Upload Agent

Introduction

The DNAnexus Upload Agent is a command-line client that can be used to upload files to DNAnexus. It is a fast and convenient alternative to using the web interface for creating and uploading files. Here are some of the advantages of using the DNAnexus Upload Agent:

  • Data is uploaded using multiple parallel connections, leading to faster upload speeds.
  • Text files (such are FASTA, FASTQ, qseq and others) are automatically compressed before upload, for better efficiency.
  • Multiple files can be created and uploaded in a single execution.
  • Previously interrupted uploads can be automatically resumed.
  • No user interaction is required; the client can be used to automate uploads of sequencing runs.

Quickstart

  1. Download and extract the upload agent. Currently, the DNAnexus Upload Agent is available for 64-bit Linux, Mac OS X, and Windows architectures. For the rest of this document, we will use ua to represent the executable's name, but you should replace it with the name of the executable you've extracted.

  2. Get an API token:

    1. Log in to the DNAnexus website.
    2. Click on your name in the top-right corner to get a drop-down menu, and click on "Profile".
    3. Click on the "API Tokens" tab and then on the green button labeled "+ New Token".
    4. Fill out the dialog box with the desired settings, and then click on "Generate Token".
    5. You should now see a long alphanumeric string; copy it for use with the Upload Agent.
      Note: You may notice that the Upload Agent will "just work" if you have already logged in via the command-line client dx. However, you may still want to use the method described above to acquire an API token, as your login token has expiration and inactivity timeout restrictions which can disrupt long-running or unattended uploads. You can set the expiration date of your API token in the New Token dialog.
  3. Try some of the examples below to get started.

General usage

Synopsis

./ua [options] <file> [...]

Options

Option Description
General
[--help | -h] Prints a help message.
[--env | -e] Prints environment information, e.g., Apiserver Host, Port, Protocol, etc.
File parameter
file Path of the local file or directory to be uploaded. This should be specified once for each file to be uploaded. If file is a directory, all files in the directory will be uploaded. For recursive uploads see the --recursive flag.
Connection parameters
[--auth-token | -a] auth-token Specifies the authentication token to be used while contacting the server. If not present, information is obtained from the DX_SECURITY_CONTEXT environment variable.
File creation parameters
[--project | -p] project-spec Specifies the project in which a file should be created. project-spec may be the name or ID of a project. If this option is not explicitly specified, then value of environment variable DX_WORKSPACE_ID (if present) will be used if the program is run from within a job, otherwise value of environment variable DX_PROJECT_CONTEXT_ID (if present) will be used.

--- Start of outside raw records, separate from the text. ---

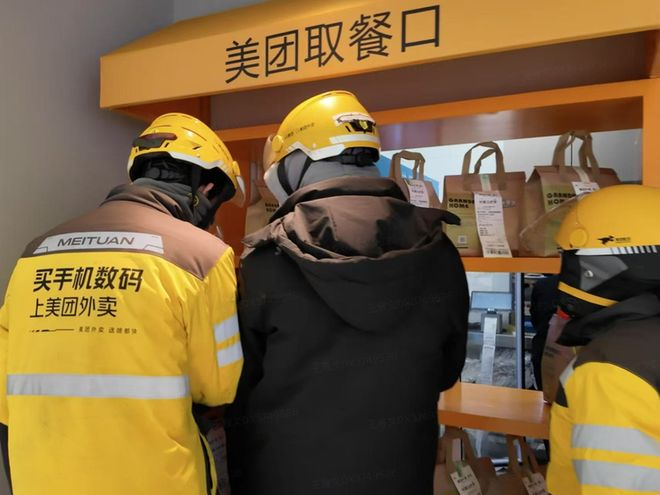 ▲美团外卖将为冬季低温地区商家提供保温袋，提升用户体验。摄影：谭东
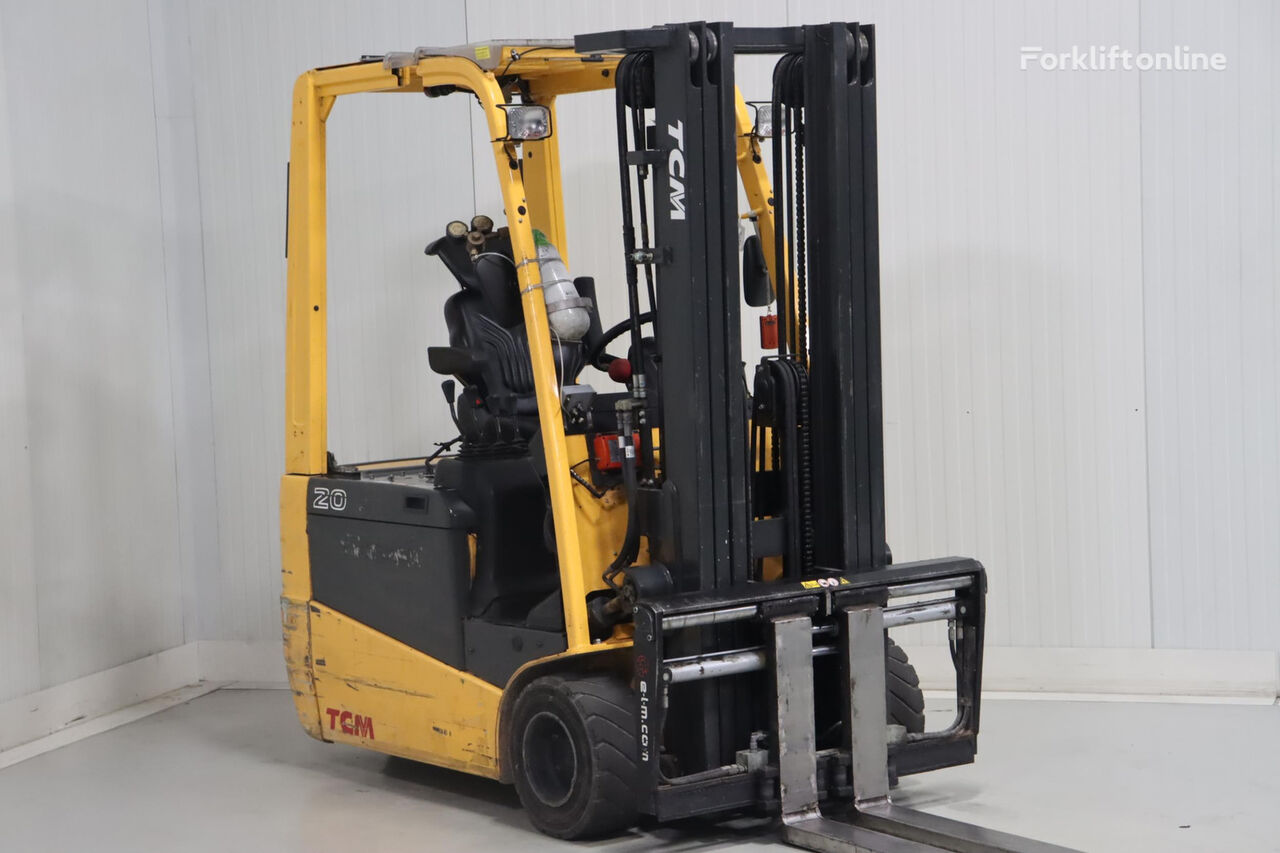 UniCarriers AG1N1L20H three-wheel forklift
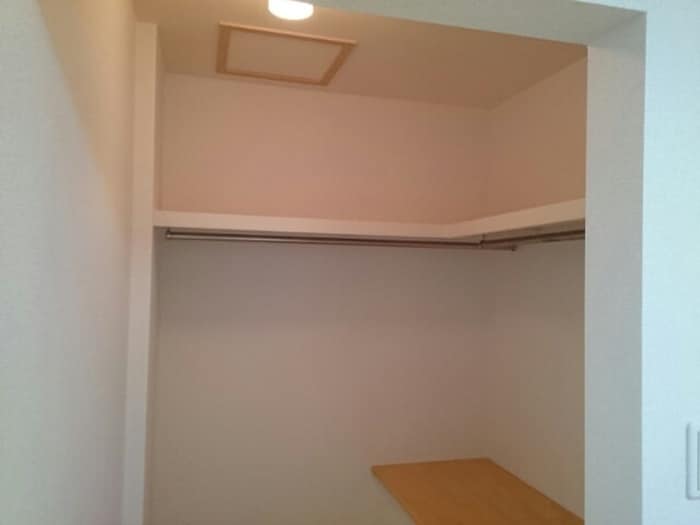 物件内観写真12　(収納)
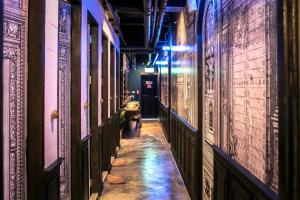 shade house phuket downtown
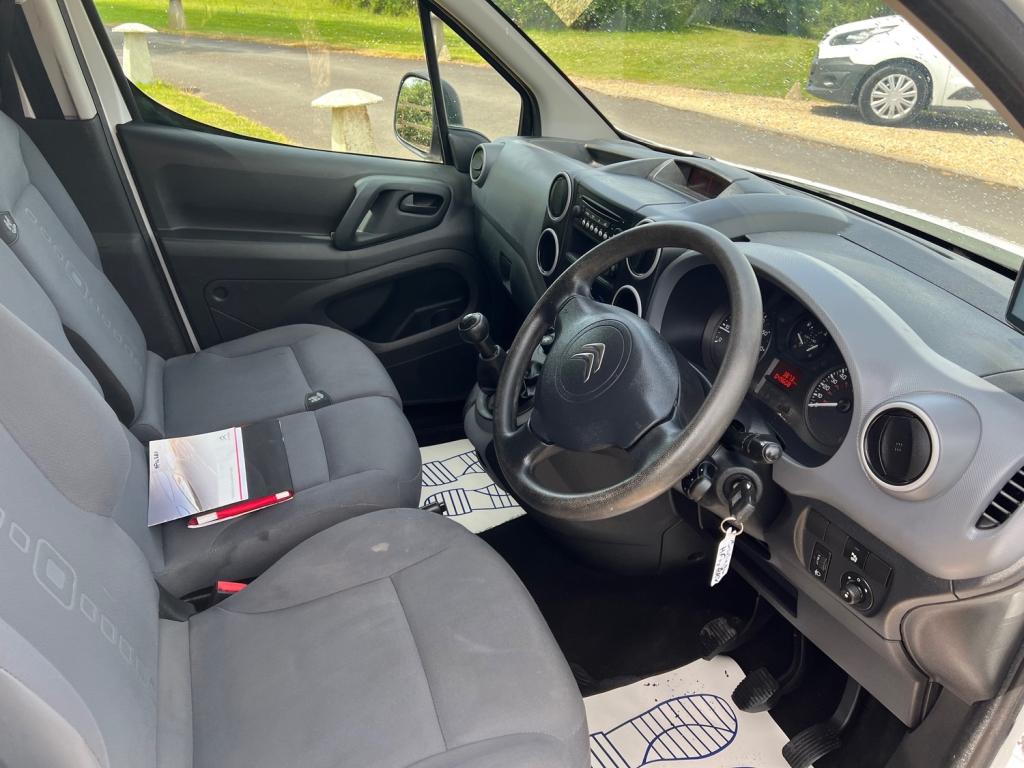View CITROEN BERLINGO 625 ENTERPRISE L1 HDI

If specified once, all files will be uploaded into the same project. If specified more than once, the number of projects specified must be equal to the number of files, and the ith file will be created in the project identified by the ith occurrence of this argument.
[--folder | -f] folder-path Specifies the complete path of the folder in which the file should be created. folder-path may be any valid folder path. If not present, the root folder (the folder named “/”) will be used. If specified once, all files will be uploaded into the same folder. If specified more than once, the number of folders specified must be equal to the number of files, and the ith file will be uploaded into the folder named by the ith occurrence. Any folder(s) that do not exist will be created, including any parent folders.
[--name | -n] remote-file-name Specifies the name of the remote file that will be created. remote-file-name may be any valid DNAnexus file name. If not present, the name of each file object created will be the filename of the local file being uploaded. If present, the number of occurrences of this parameter must be equal to the number of files being uploaded, and the ith file will be created with the name given by the ith occurrence of this parameter.
Note: If the file is compressed while uploading (default behavior for uncompressed files), then extension .gz will be appended to remote-file-name(or to the local filename, if --name was not used.)
[--visibility] hidden Sets the visibility of the file. Files are visible by default. If multiple files are specified, the same visibility is applied to all the files.
[--property] property-name=property-value Sets a property for this file. It can be used mulitple times to set as many properties as needed. If multiple files are specified, the same properties are applied to all the files.
[--type] file-type Sets the type of data for the file. It can be used mulitple times to set as many types as needed. If multiple files are specified, the same types are applied to all the files.
[--tag] tag Sets a tag on the file. It can be used mulitple times to set as many tags as needed. If multiple files are specified, the same tags are applied to all the files.
[--details] JSON-data Sets the details for the file. JSON-data must be a valid JSON formated string containing the details. If multiple files are specified, the same details are applied to all the files.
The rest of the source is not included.